## WORK TASK
Starting at the first line of the entries, extract each line up to and including the one that contains "Olemboss Calcados e Confeccoes mapa", but leave out the pictures.

## MATERIAL PROVIDED
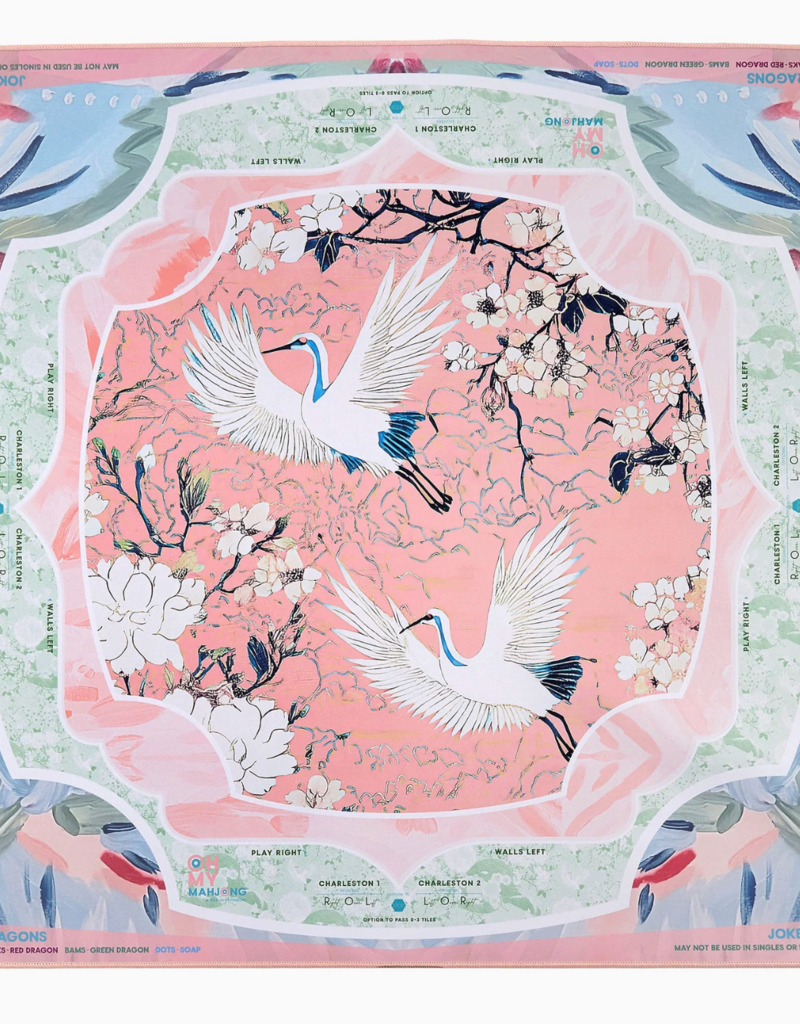 OH MY MAHJONG HERON MAHJONG MAT IN TUBE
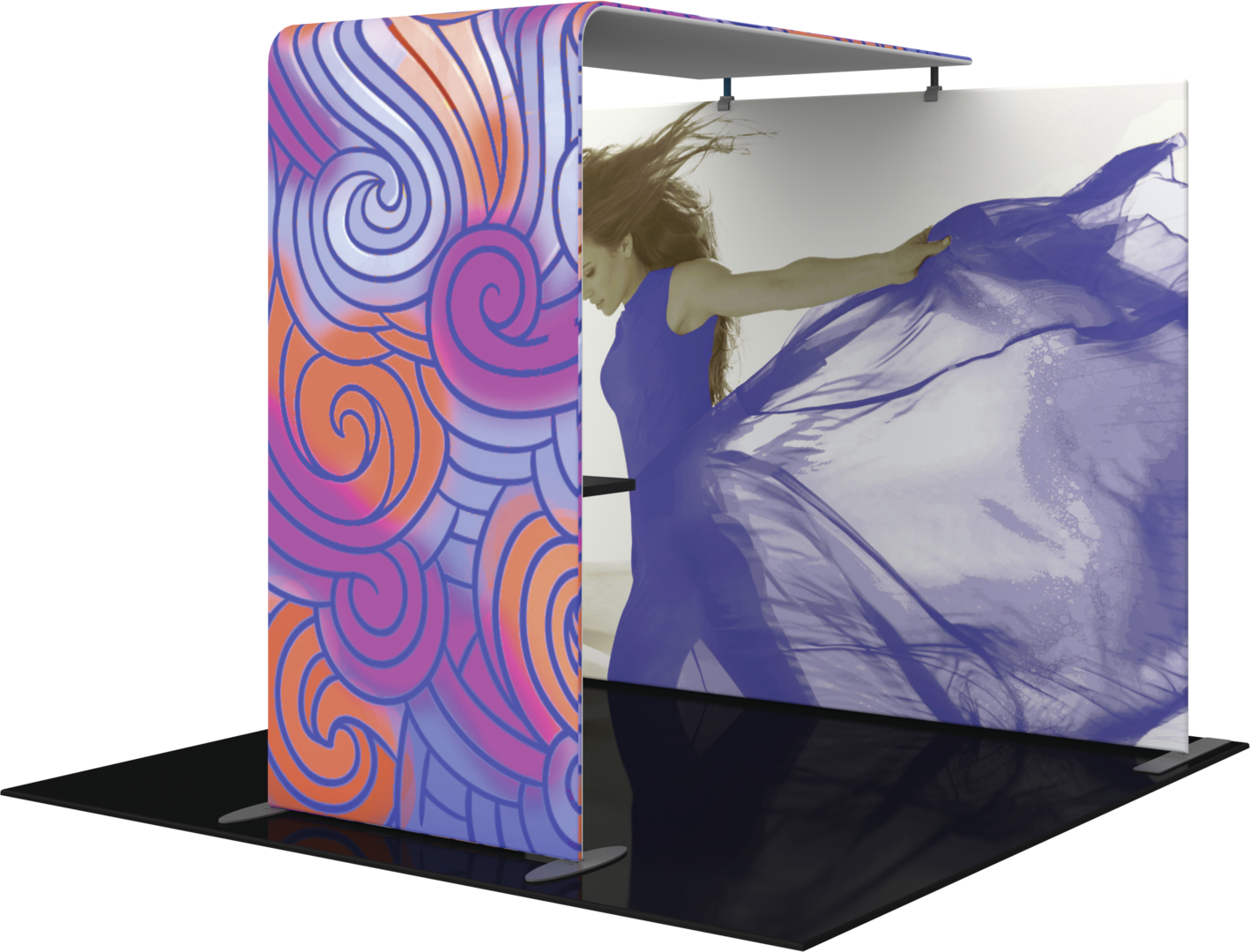 4.5ft x 8ft Formulate Master Backwall Accent 05 Canopy w/ Custom Graphic (Graphic Package)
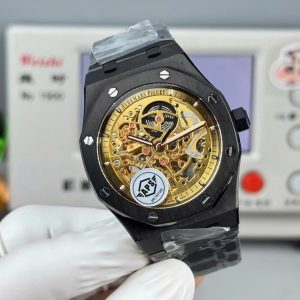 Đồng Hồ Audemars Piguet Replica 11 Royal Oak 15416 Mặt Lộ Cơ Vỏ Gốm Đen 41mm (2)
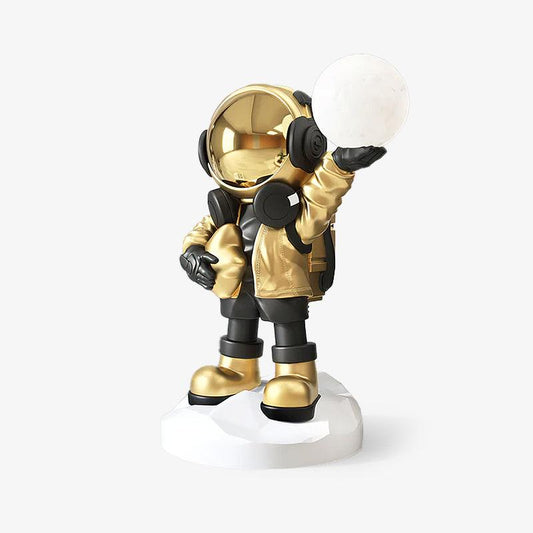 Lampadaire CosmoLume – Astronaute décoratif avec LED intégrée et batterie rechargeable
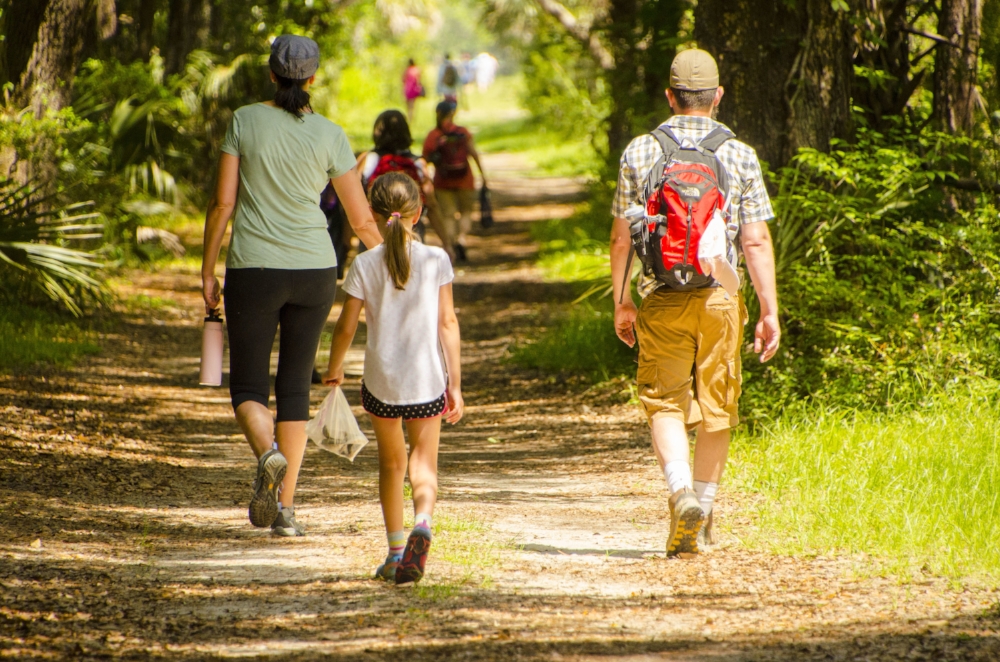 Most visitors to Bulls Island make the 1.5 mile trek back and forth from the ferry stop to the beach.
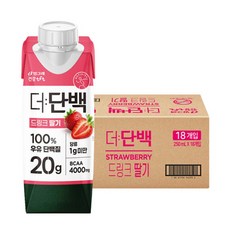 빙그레 더단백 드링크 딸기 250ml 18개 1박스, 18개입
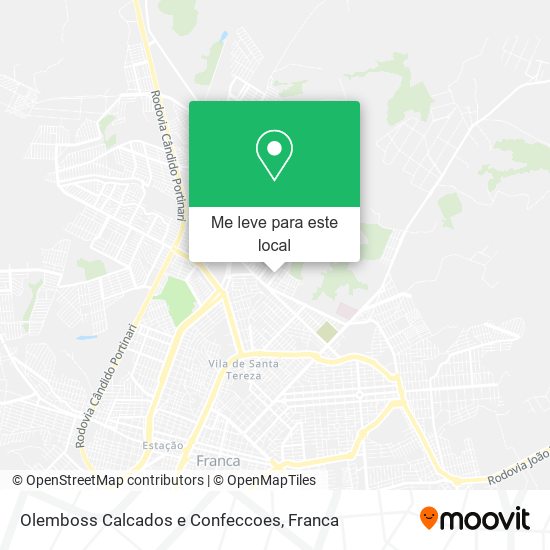 Olemboss Calcados e Confeccoes mapa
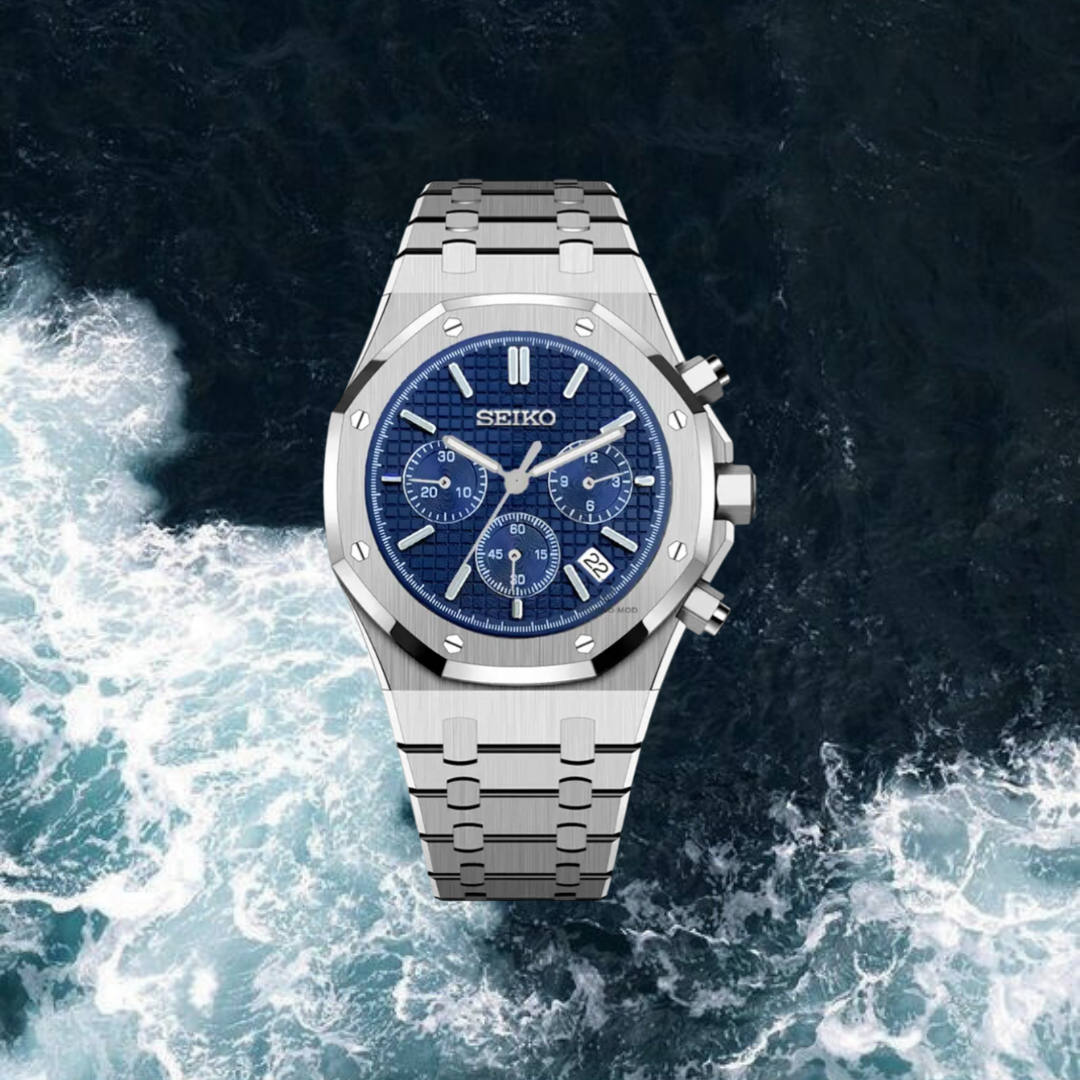 Seiko Mod Royal Oak Crono "Navy Blue"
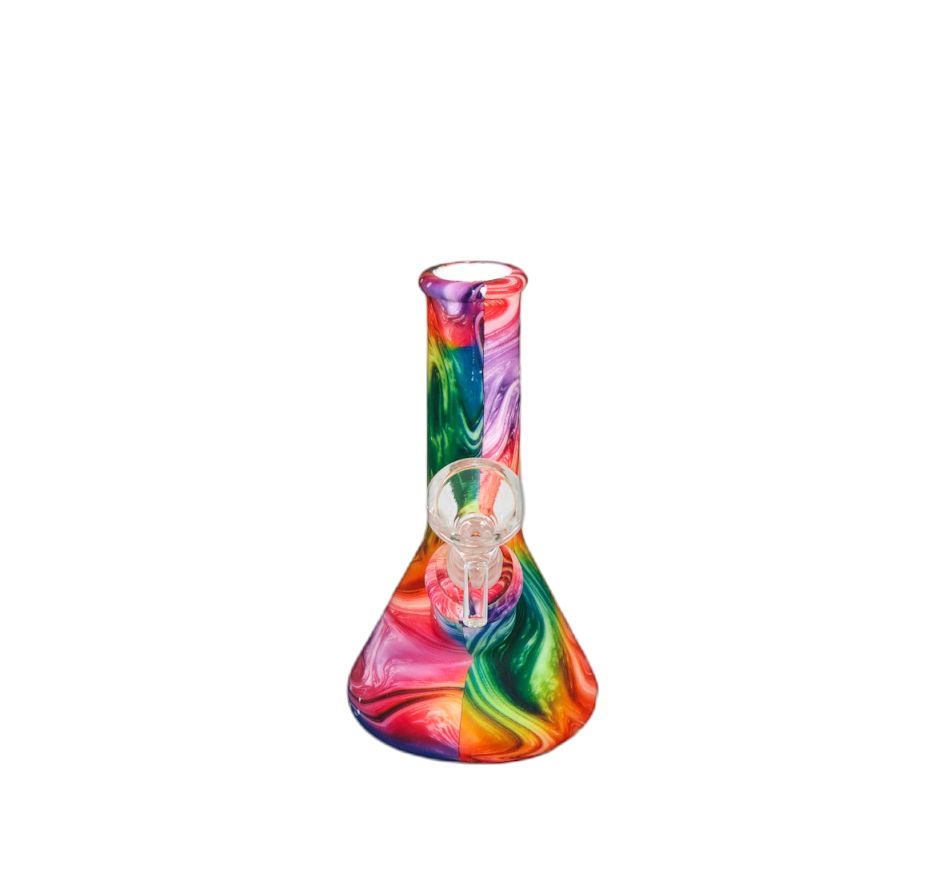 Mini Psychedelic Silicone Bong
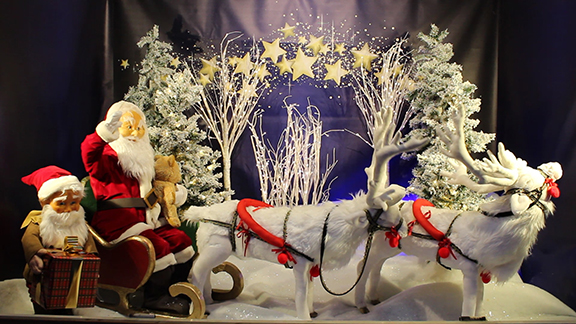 Depart du Pere Noel
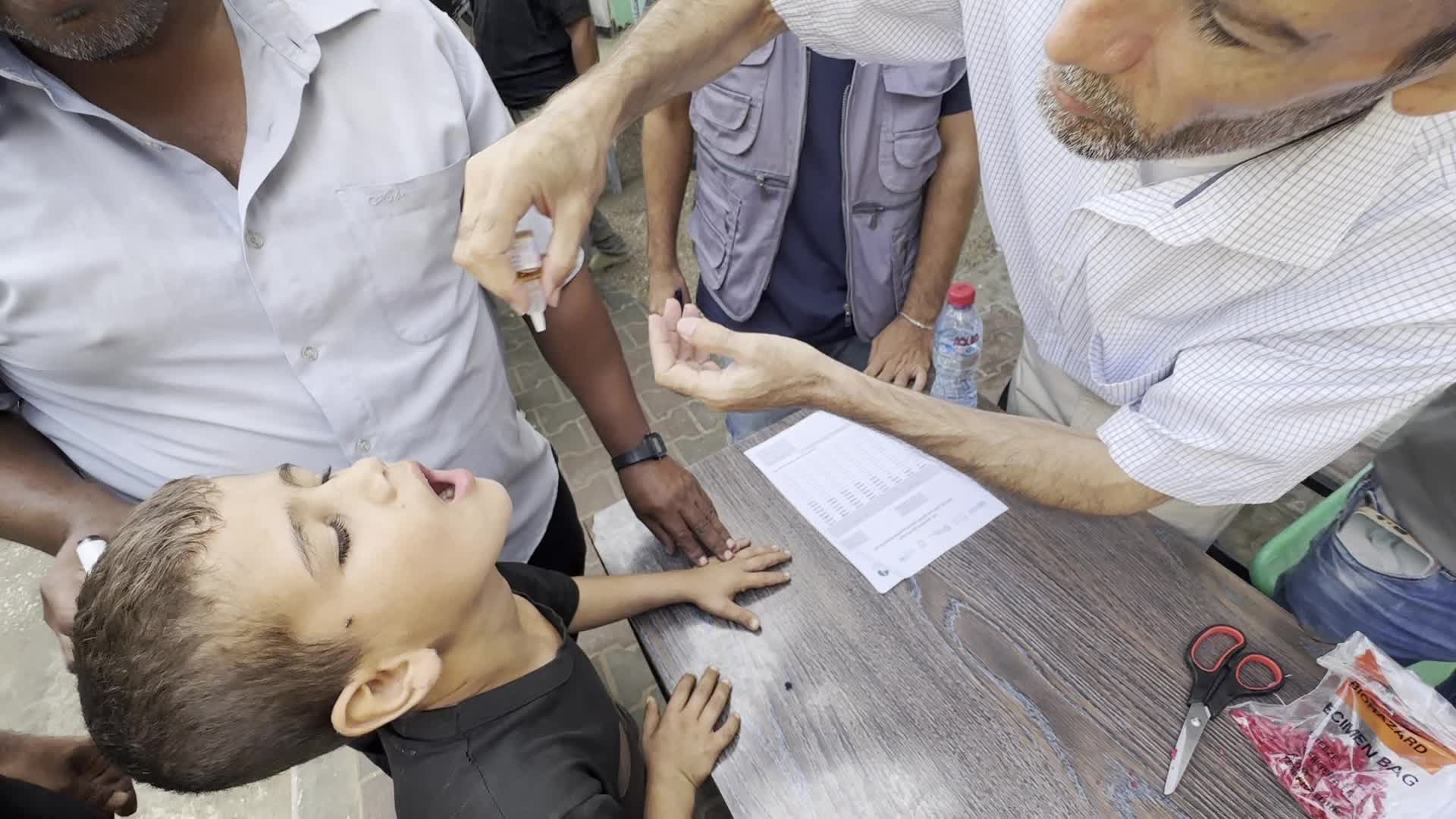 Polio Vaccination In Gaza, Palestine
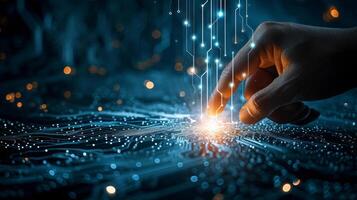 Exploring Human and AI Hands in Symbiotic Connectivity. photo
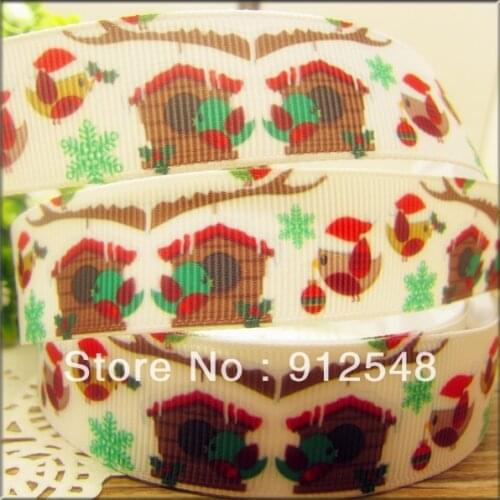 Free Shipping 7/8" (22mm) width,Christmas series printed ribbon grosgrain ribbon,Garment accessories,Hair ribbon,mdxj002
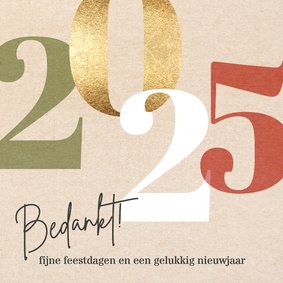 Kerstkaart zakelijk bedankt 2025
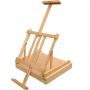 Studio Sketchbox Table Easel with Metal Lined Drawer - Adjustable Solid Beech Wood Tabletop Easel Artists Desk Easel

## SOLUTION
 OH MY MAHJONG HERON MAHJONG MAT IN TUBE
 4.5ft x 8ft Formulate Master Backwall Accent 05 Canopy w/ Custom Graphic (Graphic Package)
 Đồng Hồ Audemars Piguet Replica 11 Royal Oak 15416 Mặt Lộ Cơ Vỏ Gốm Đen 41mm (2)
 Lampadaire CosmoLume – Astronaute décoratif avec LED intégrée et batterie rechargeable
 Most visitors to Bulls Island make the 1.5 mile trek back and forth from the ferry stop to the beach.
 빙그레 더단백 드링크 딸기 250ml 18개 1박스, 18개입
 Olemboss Calcados e Confeccoes mapa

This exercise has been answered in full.